The Good Book—Chapter One
Trombonist Vincent Gardner pays homage to a couple of his forebears with discerning taste on The Good Book—Chapter One, in this case honoring the compositional efforts of Frank Foster, one of his employers, and Horace Silver, who hired Gardner’s father, trumpeter Burgess, in the ’80s. Five of the CD’s eight tracks feature Foster tunes, including his widely known “Shiny Stockings,” and the remainder are linked to Silver, highlighting his classics, “The African Queen” and “Que Pasa?”
While the music is fairly standard fare with little out of the ordinary, the frontline playing by Gardner, tenor and soprano saxophonist Walter Blanding and pianist Marc Cary is first-rate. Rounding out the unobtrusive support are bassist Greg Williams and drummer Quincy Davis. Some may see a link to Wynton Marsalis because both Gardner and Blanding are part of the Lincoln Center Jazz Orchestra, but the easygoing nature of this recording should dispel those thoughts in short order. This quintet’s best work is found on the three tracks tied to Silver, the aforementioned pair, plus the Joe Henderson tune, “Mo’ Joe.” Standing out among the Foster works are the opening “Love Handles” and “Shiny Stockings.”
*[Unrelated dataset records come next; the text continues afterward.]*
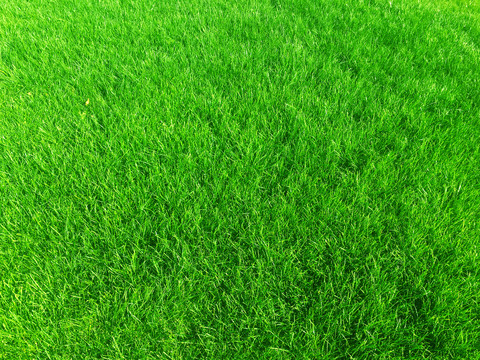 绿色草坪贴图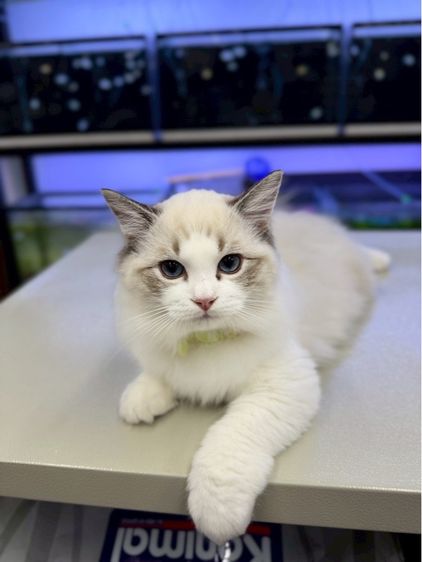 เด็กหญิงแร็กดอลล์ รูปที่ 11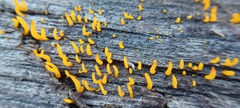 Calocera
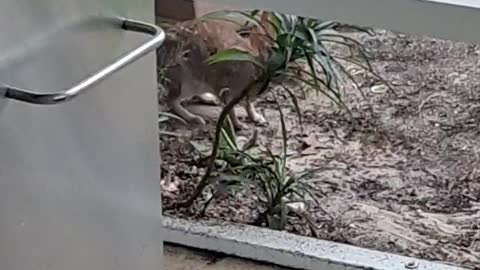 Mama Rabbit visiting her babies again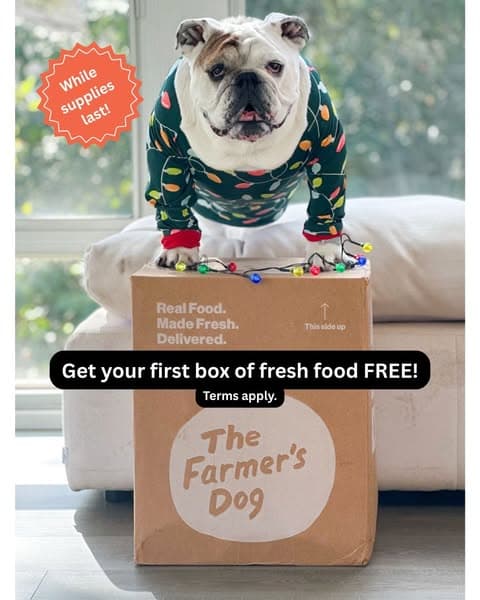 100% OFF your first box!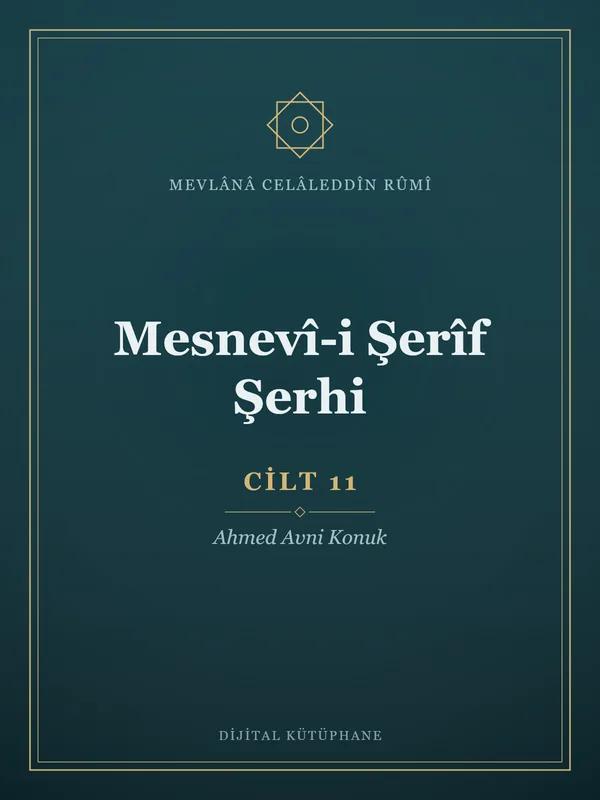 Mesnevî-i Şerîf Şerhi - Cilt 11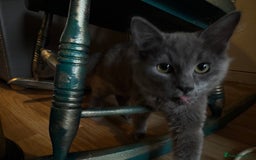 Ragdoll cats for sale: Ragdoll x - Image 5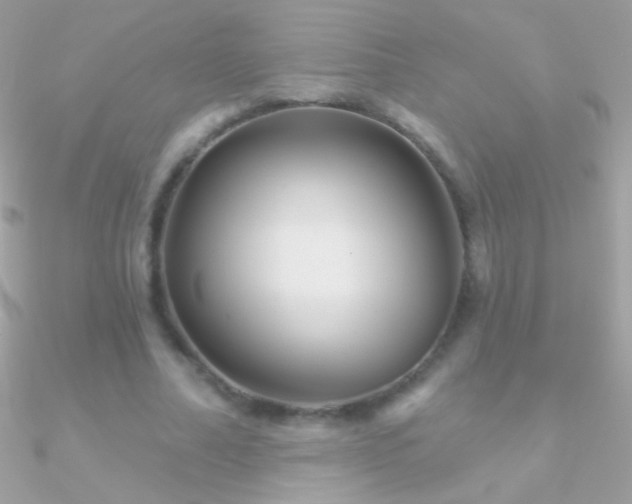 X0000090950682200708021337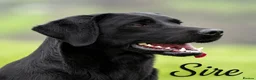 Labrador Retriever dogs for sale: Outstanding Labrador Puppies–Exceptional Pedigree - Advert 16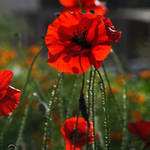 still blooming by augenweide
Gardner’s sound is mellow but contains enough toughness to keep things interesting. Saxophonist Blanding generally chooses to play one of his horns in ensembles, then shift to the other for his solos (opening with soprano, soloing with tenor and vice versa). Both horn players offer solid and mostly inspired work throughout, although neither has reached the stage where they could be considered distinctive voices. Cary is somewhat more his own man and makes good use of the solo space he is granted.